В I в. до н. э. огромное значение приобретает риторическое образование. Уже тогда было немало литературных дилетантов из римской знати, прошедшей риторическую школу. Особенно благоприятные условия для развития поэтического дилетантизма сложились после падения республики, в «век Августа». Этому способствовало то значение, которое придавал литературе император, широкое покровительство поэзии самого Августа и его помощников. Долгожданный мир, наступивший после, длительных гражданских войн, также способствовал развитию литературы и искусства. Интерес к литературным занятиям возрос еще и потому (и это одна из главных причин), что активная политическая деятельность оказалась закрытой не только для народных масс, но и для римской аристократии. Риторическое обучение по-прежнему оставалось основой аристократического образования, хотя для красноречия (и политического и судебного) не было больше места. Римская знать ищет удовлетворения своего честолюбия и тщеславия в поэтических занятиях, а риторическая подготовка, полученная в юности, способствует появлению множества поэтов.

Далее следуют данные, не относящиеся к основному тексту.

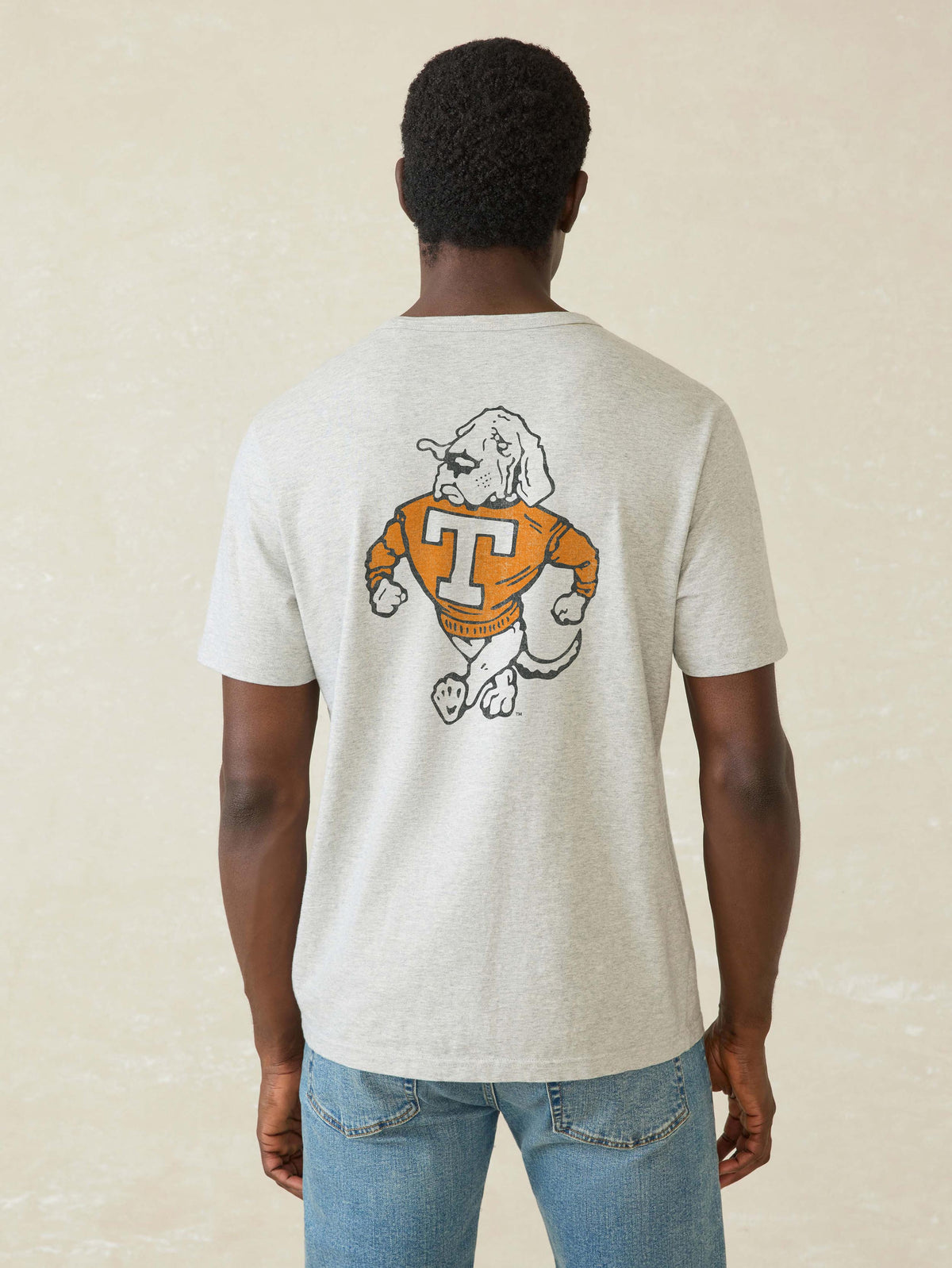 A man viewed from behind wearing a grey University of Tennessee tee and blue jeans, image 2 of 2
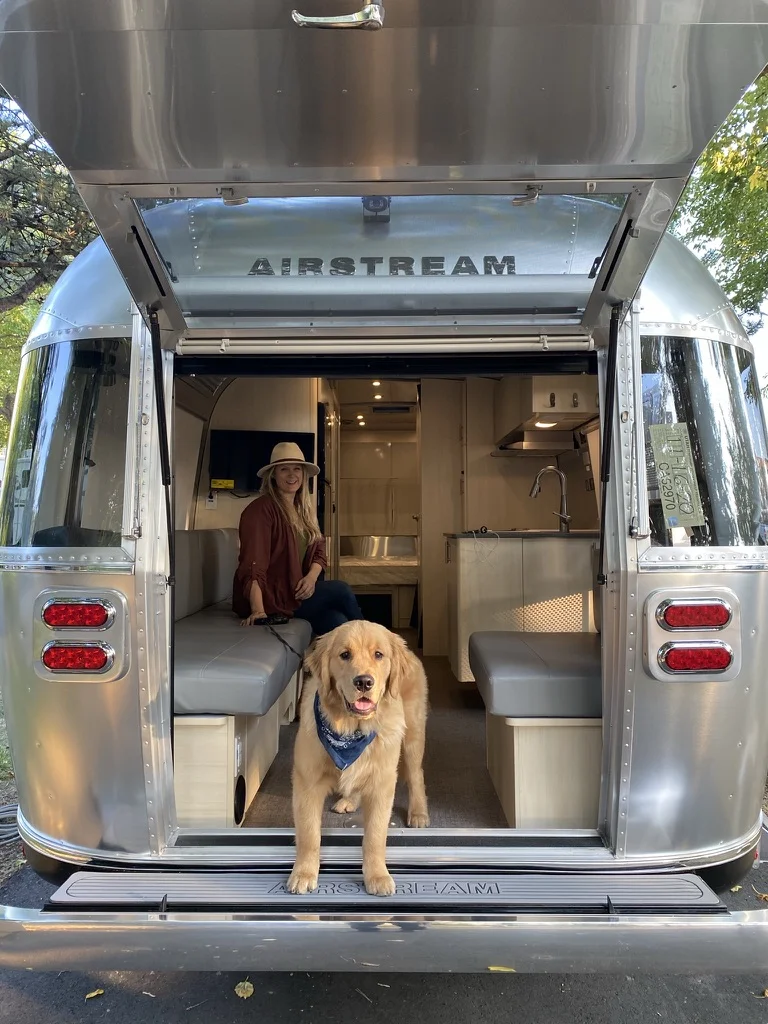 A woman in a hat sits inside an Airstream trailer while a golden retriever wearing a blue bandana stands at the open rear entrance, looking outside. The trailer interior appears modern and well-lit.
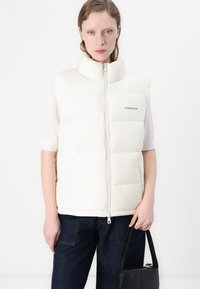 Hvit puffervest med høy krage, med glidelås foran og "Guess Jeans"-logo. Brukt over en lys topp, kombinert med mørke jeans og en svart veske.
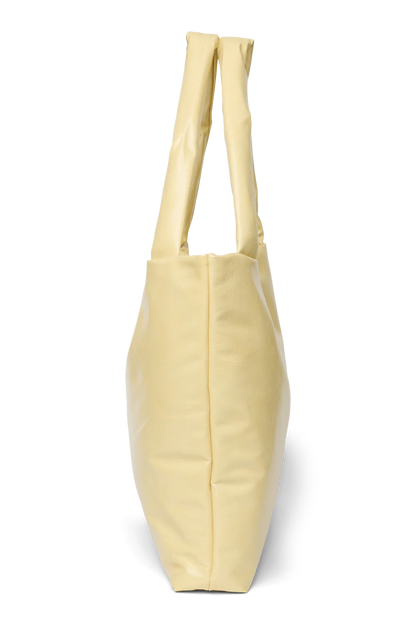 Seitenansicht: Studio Noos Vegan Leather Mom Bag in Buttergelb mit gepolsterten Griffen und kleinem Studio Noos Amsterdam Label vorne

Распространению поэтического дилетантизма содействовало учреждение Азинием Поллионом рецитаций — публичных чтений.

Широкого распространения достигает поэтический дилетантизм при Нероне, который сам был поэтом-дилетантом, и крайние размеры принимает при деспотическом режиме Домициана. Поэтические занятия были в то время наименее опасными, а кроме того манила слава Вергилия, Горация, Овидия и других поэтов августова века. Об упадке литературы I в. н. э. говорит ее эпигонский характер, что в свою очередь способствовало еще большему развитию дилетантизма. Подражание становится модой после того как век Августа дал блестящие образцы для подражания, а подражать было не так уж трудно при соответствующей риторической подготовке.

III

Следствием массового поэтического дилетантизма были, как уже отмечалось, такие нездоровые явления в литературной жизни, как плагиат, фальсификаторство, торговля стихами.

Прологи Теренция рисуют нам интересный взгляд его современников на плагиат. Известно, что и Плавт и Теренций перерабатывали пьесы новоаттической бытовой комедии, причем это была переработка весьма близкая к подлиннику, особенно в комедиях Теренция. Заимствования у греков казались естественными и не встречали возражений, использование же ситуации или образов, встречающихся у римских предшественников, считалось плагиатом.

Теренций дважды возражает на обвинение в плагиате в прологах к своим комедиям. Впервые он это делает в прологе к «Евнуху». Судя по тону Теренция, сам он придерживается того же взгляда на плагиат, что и его противник. Он ввел а свою комедию «Евнух» две роли из комедии Менандра «Льстец»: это роль хвастливого воина и его парасита. Менандровская комедия «Льстец» уже обрабатывалась Невием и Плавтом и поэтому Теренций, обвиняется в плагиате. Теренций уверяет своих противников, что это не кража, а ошибка. В прологе комедии «Братья» Теренций вторично оправдывается от обвинения в плагиате и аргументы его не менее интересны, чем в первом случае: он перенес в свою комедию «Братья» сцену из греческой комедии «Совместная смерть» сцену «небрежно обойденную» Плавтом в своей переделке этой пьесы, — т. е. опять-таки сцена заимствована Теренцием из греческой, а не из латинской комедии.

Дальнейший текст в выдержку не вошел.